### [EXTRACTED MATERIAL]

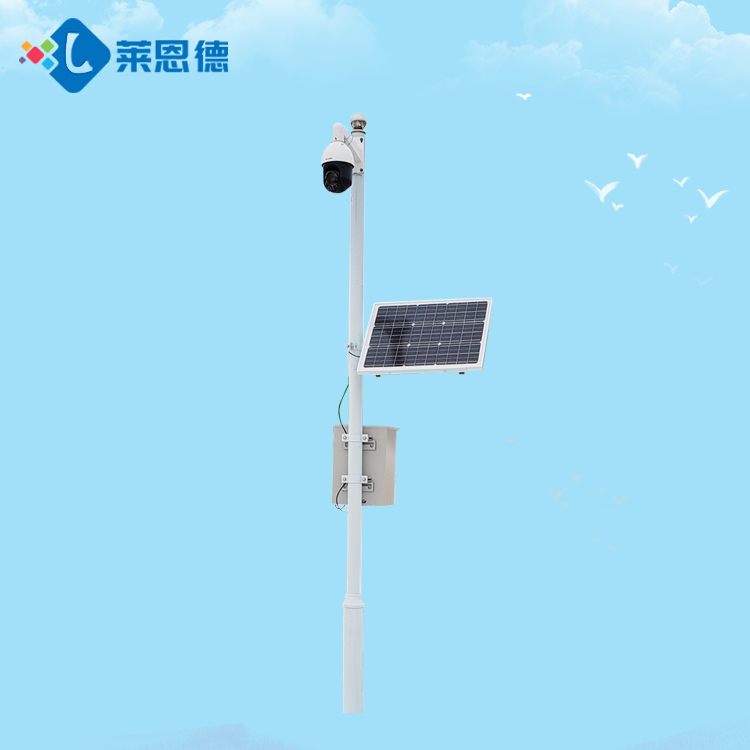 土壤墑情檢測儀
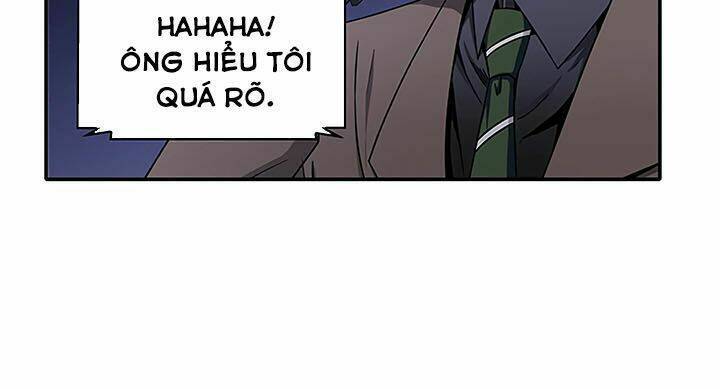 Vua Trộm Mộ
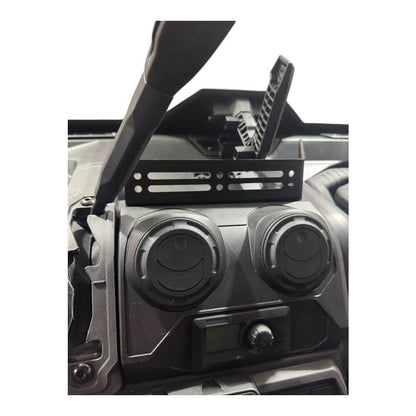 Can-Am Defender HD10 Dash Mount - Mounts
---
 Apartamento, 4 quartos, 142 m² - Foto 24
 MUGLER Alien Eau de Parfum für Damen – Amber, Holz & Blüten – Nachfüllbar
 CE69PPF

### [WORK REQUEST]
Each line between the one holding "Vua Trộm Mộ" and the one holding "Can-Am Defender HD10 Dash Mount - Mounts", inclusive, should be copied exactly as it appears above, and pictures should be omitted.

### [EXERCISE RESULT]
 Vua Trộm Mộ
 Can-Am Defender HD10 Dash Mount - Mounts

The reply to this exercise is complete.